Shipping disruptions remain a major factor. Several tankers passed through the Strait of Hormuz with tracking systems switched off to avoid attacks. One tanker carried Iraqi crude to Vietnam. A second tanker carrying liquefied natural gas from Qatar is moving toward Pakistan. It is expected to arrive soon. Japan also confirmed a tanker carrying Azerbaijani crude will arrive this week. This is the first cargo from Central Asia since the conflict began. These movements show that shipping continues but under risk. This risk is keeping prices elevated.

JPMorgan analysts expect oil prices to remain near the low $100 range for the rest of the year. They also expect prices to average about $97 in 2026. Analysts believe market normalization will take time even after shipping resumes. US producer Diamondback Energy bought options to hedge against price differences between WTI and Brent. This move suggests producers expect continued price volatility. If the US bans oil exports, domestic inventory could rise and WTI prices could fall relative to Brent.

Will Brent, US WTI crude futures, British and Dutch gas rates rise sharply or fall again?
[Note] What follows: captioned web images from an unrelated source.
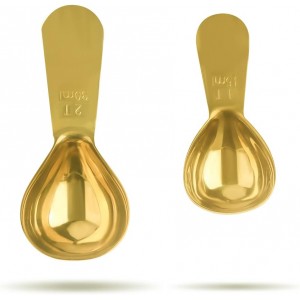 Stainless Steel Coffee Scoop Set - 15ml ...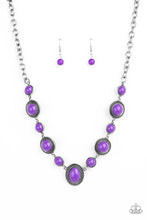 Load image into Gallery viewer, Voyager Vibes- Purple and Silver Necklace- Paparazzi Accessories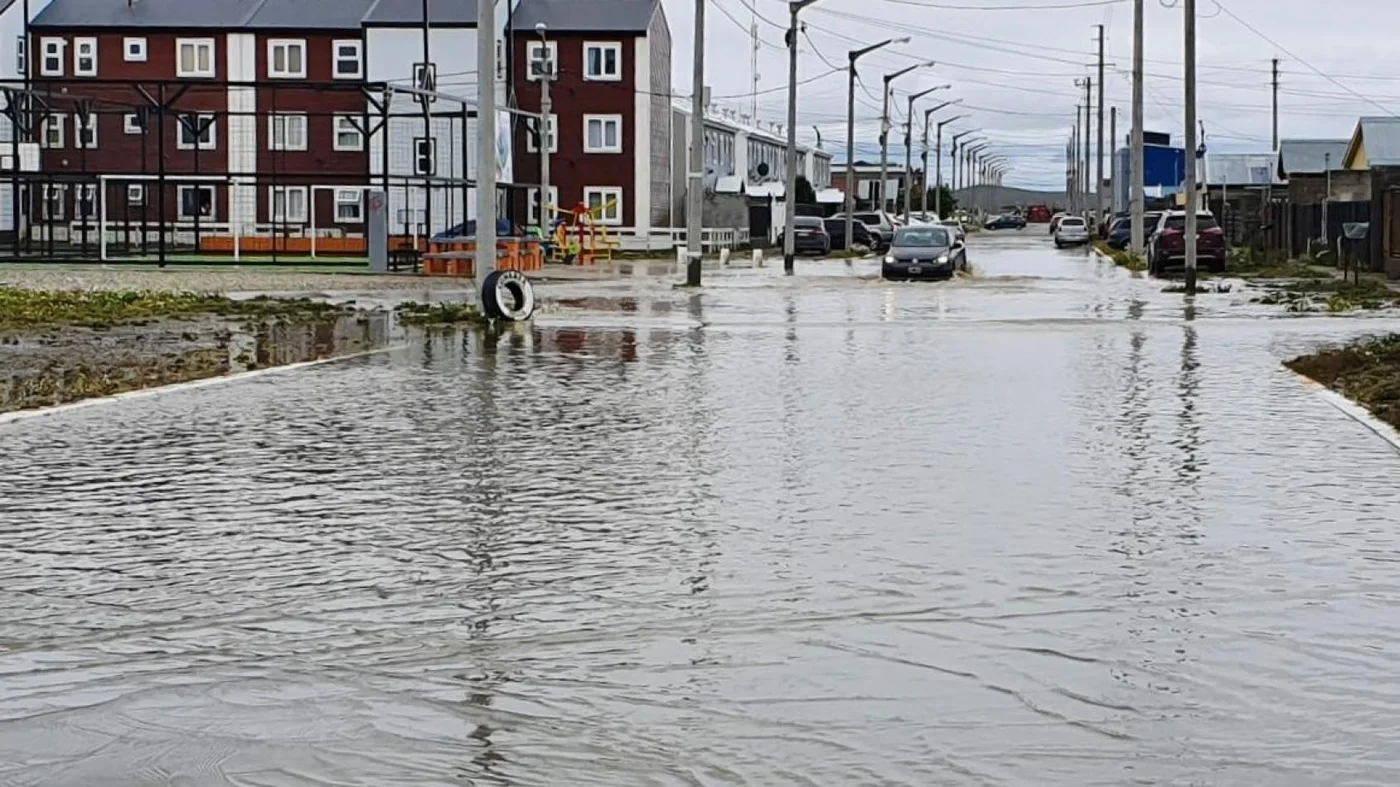 Intensas lluvias registradas en la ciudad de Río Grande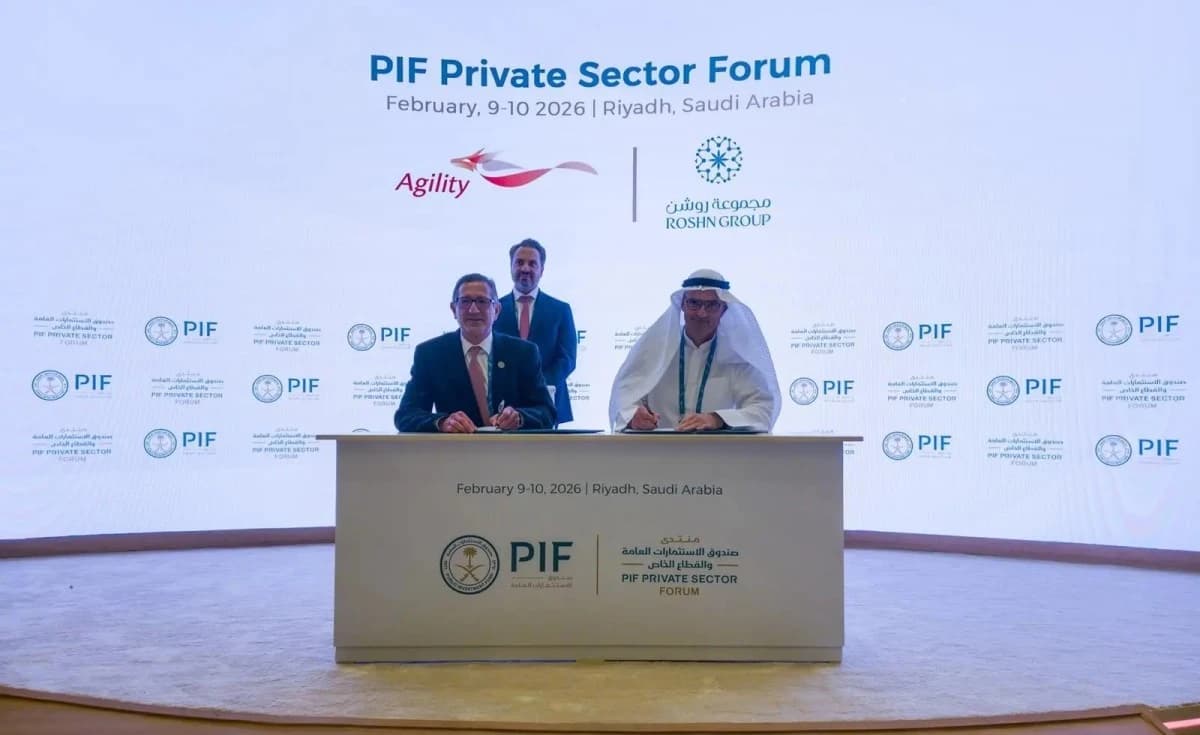 "روشن" و"أجيليتي" تطوران مجمعا لوجستيا متكاملا وفق المواصفات العالمية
European gas markets also reacted to the latest developments. Dutch and British gas contracts rose after the peace effort setback. The Dutch front-month gas contract rose to 44.83 euros per megawatt hour. The British June contract increased to 109.73 pence per therm. Analysts described the rise as modest but said upside risks remain. The lack of progress in peace talks keeps supply risks in focus. Optimism for a quick agreement is fading. However, markets still see hope in upcoming diplomatic talks between the United States and China.

The first Qatari LNG tanker since the conflict began sailed through the Strait of Hormuz to Pakistan. Pakistan is acting as a mediator and may receive more deliveries. This could help ease gas shortages in the region. Another LNG tanker also signaled Pakistan as its destination. Analysts said this development could be positive for supply and may limit further price increases. European carbon prices moved lower at the same time. This indicates mixed signals across energy markets.

Analysts insights and market outlook

Analysts say energy markets remain sensitive to geopolitics. The Strait of Hormuz is central to global oil and gas supply. Any disruption affects prices worldwide. Supply losses of one billion barrels have already impacted the market. Even if shipping resumes fully, rebuilding supply chains will take time.

Banks expect oil to stay elevated but not surge dramatically. Prices near $100 per barrel may continue for months. Gas markets may remain volatile depending on LNG shipping and storage levels. Diplomatic talks between global leaders could shape the next phase of the market. Any sign of progress could push prices lower. Continued conflict could push prices higher.

What should investors do now?

Investors are watching geopolitical news closely. Oil and gas prices are moving based on supply risks and diplomatic signals. Hedging strategies are becoming more common. Companies are protecting against price swings using options and futures contracts. Analysts advise monitoring shipping data, diplomatic meetings, and inventory trends. These factors will likely drive short-term price movements. Volatility may remain high until the Strait of Hormuz fully reopens and supply stabilizes.

FAQs


Q1. Why are oil and gas prices rising now?
Oil and gas prices are rising due to supply fears linked to the Strait of Hormuz disruption, rejected peace talks, tanker risks, and continued uncertainty about when global energy shipping will normalize.

Q2. Could oil and gas prices fall again soon?
Prices could fall if diplomatic talks progress, shipping resumes safely, and supply returns. However, analysts say volatility may continue because global energy markets still face supply risks and uncertainty.